### EXERCISE BRIEF
Could you reproduce the entries exactly, omitting every picture?

Start of PROVIDED RECORDS

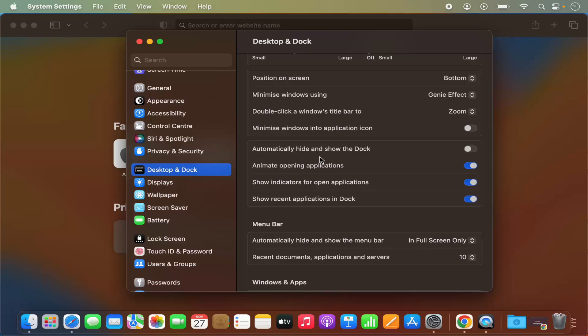So this is the setting for automatically hide and show the dock. I hope you enjoyed this video and I will see you in the next video.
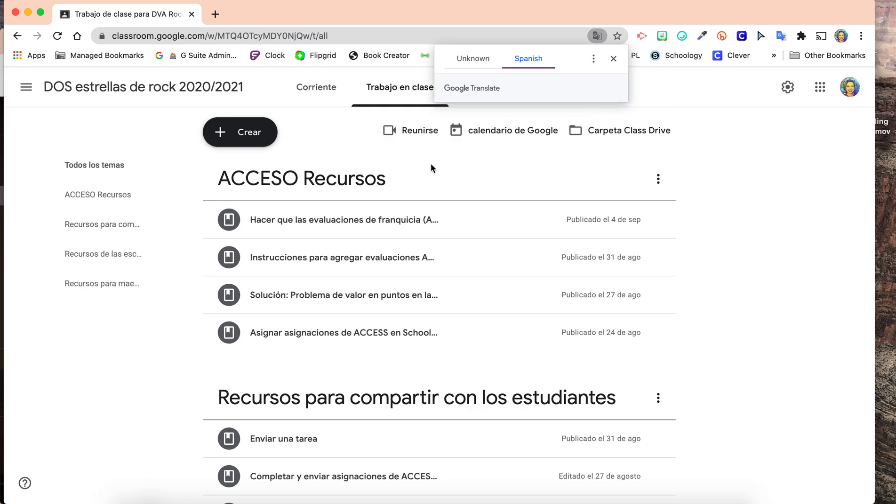That's going to translate the whole page to Spanish, and that should fix it for us.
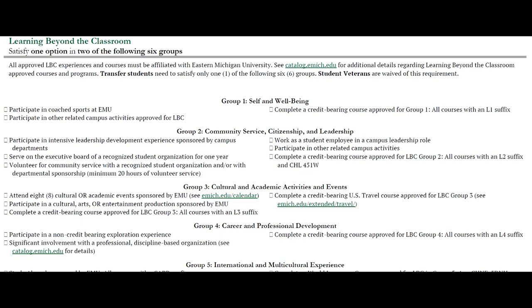This concludes the overview of general education. If you have any questions, please feel free to reach out to your advisor. Thank you.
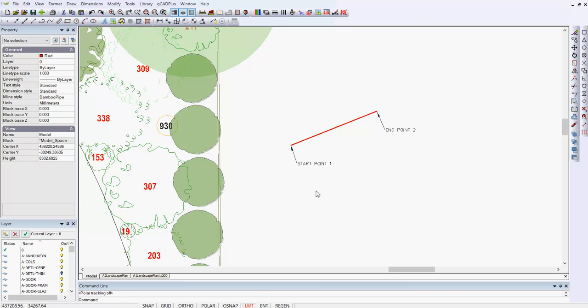A line is one of the simplest entities that you can place into a landscape drawing. The line is placed with the line command, and the line command can be started in a number of ways.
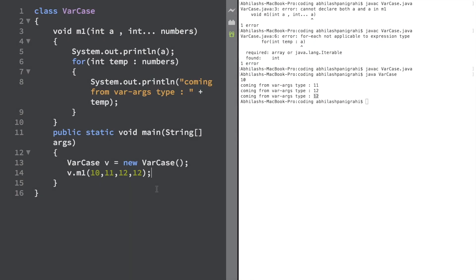The intention of this program was to show you that we can take both a normal int value and a varargs type argument within the same method. This is perfectly valid — you can do this happily.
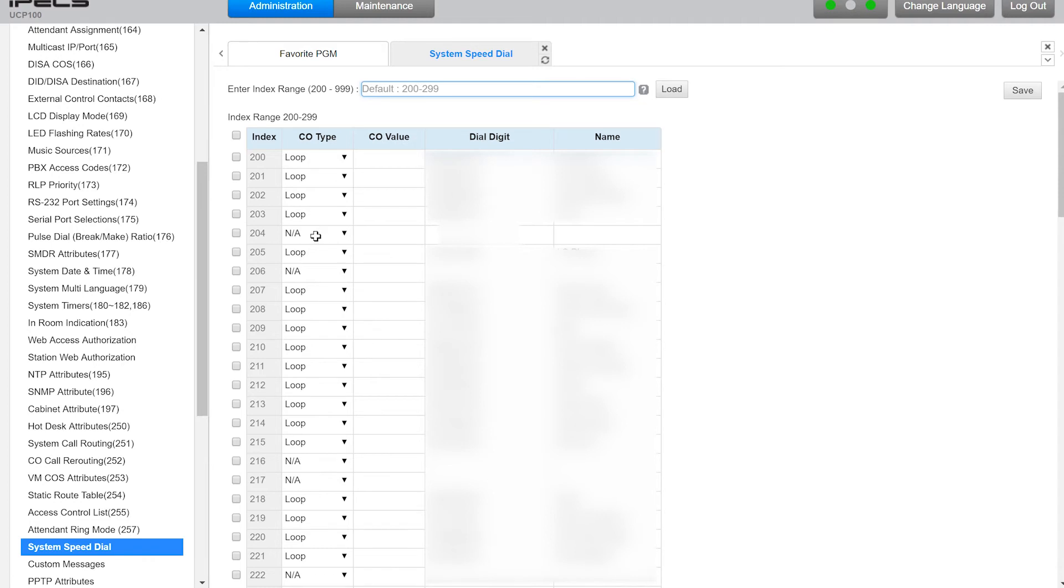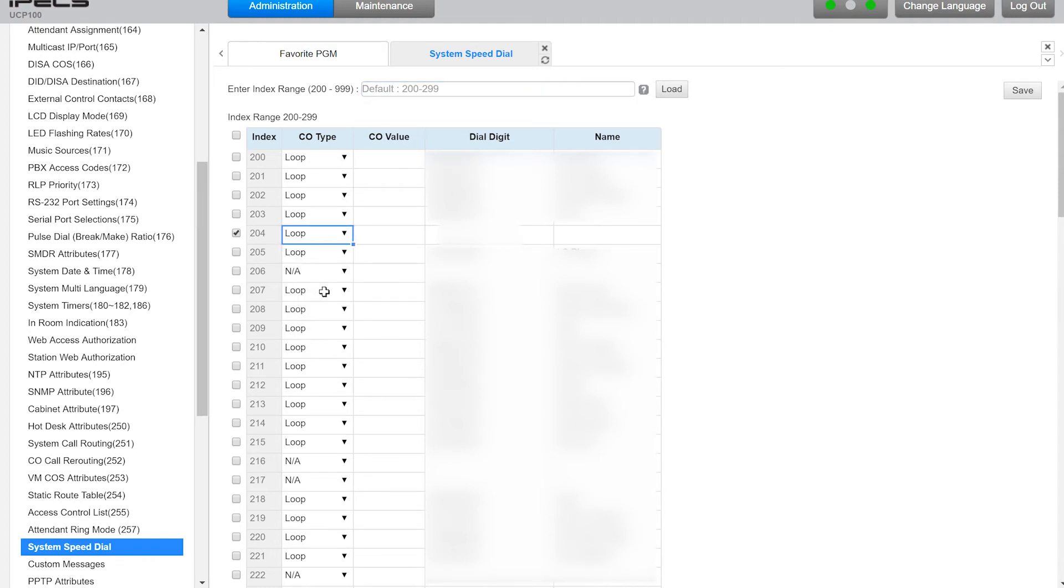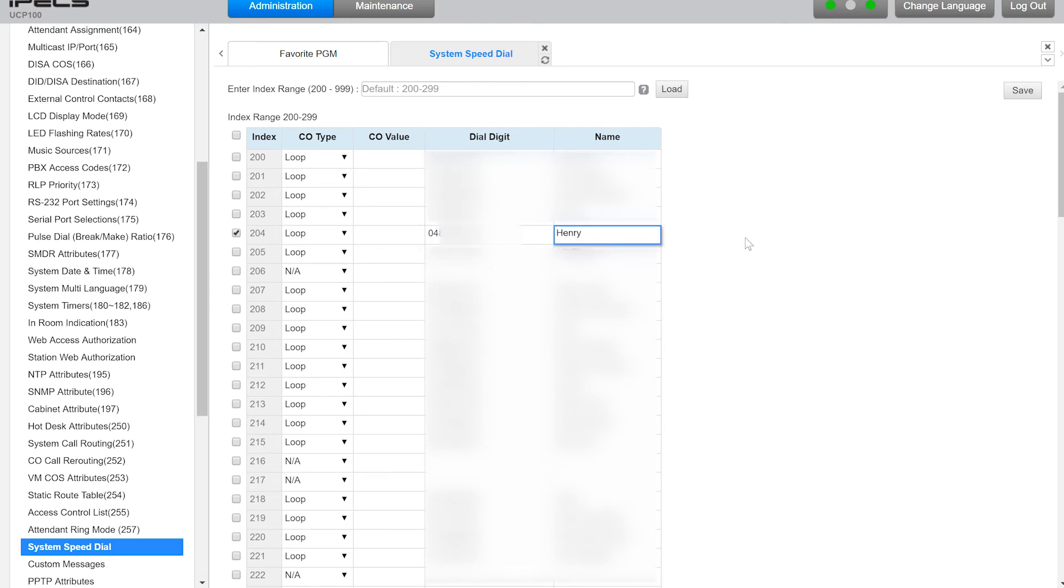So in this case I have a free slot. So to set up a speed dial you want to change the CO type to loop, set the full direct number, so that's 0304-02 wherever you are, and then the name you want it to appear in the system.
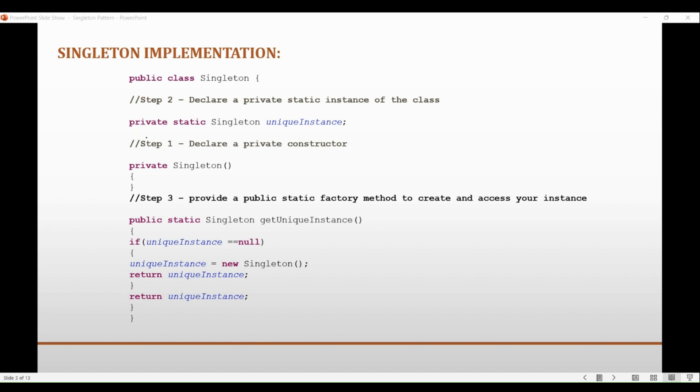And this makes it easy to control the behavior and state of the singleton instance, as all parts of the application will be accessing the same object. The second reason is global access. By defining a static method or field, the singleton instance can be accessed globally from any part of the application.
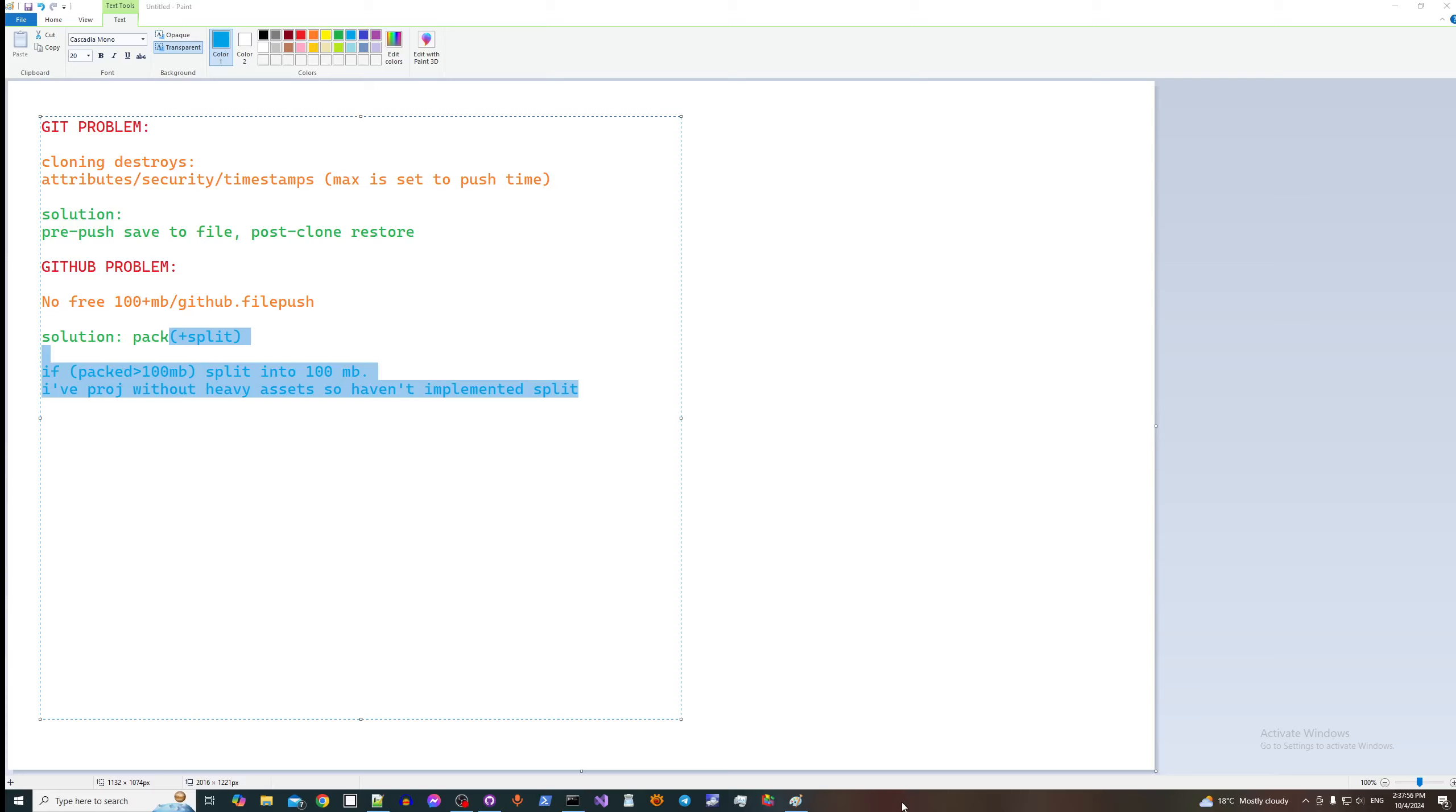Hello everyone! In this video I'm going to talk about following problems for git and github backup.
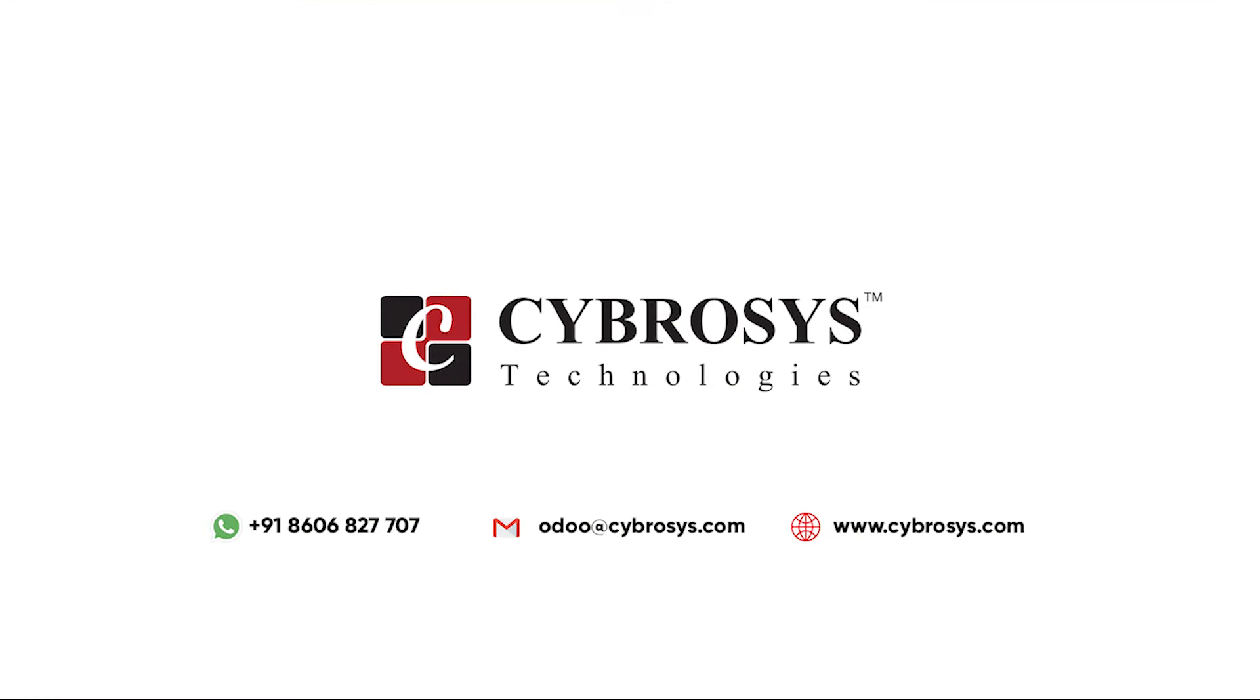If you are interested in knowing more about this or looking for any Odoo implementation or customization in your business, drop your request to odoo.cybrosis.com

End of PROVIDED RECORDS

### ANSWER TO THE EXERCISE
So this is the setting for automatically hide and show the dock. I hope you enjoyed this video and I will see you in the next video.
That's going to translate the whole page to Spanish, and that should fix it for us.
This concludes the overview of general education. If you have any questions, please feel free to reach out to your advisor. Thank you.
A line is one of the simplest entities that you can place into a landscape drawing. The line is placed with the line command, and the line command can be started in a number of ways.
The intention of this program was to show you that we can take both a normal int value and a varargs type argument within the same method. This is perfectly valid — you can do this happily.
So in this case I have a free slot. So to set up a speed dial you want to change the CO type to loop, set the full direct number, so that's 0304-02 wherever you are, and then the name you want it to appear in the system.
And this makes it easy to control the behavior and state of the singleton instance, as all parts of the application will be accessing the same object. The second reason is global access. By defining a static method or field, the singleton instance can be accessed globally from any part of the application.
Hello everyone! In this video I'm going to talk about following problems for git and github backup.
If you are interested in knowing more about this or looking for any Odoo implementation or customization in your business, drop your request to odoo.cybrosis.com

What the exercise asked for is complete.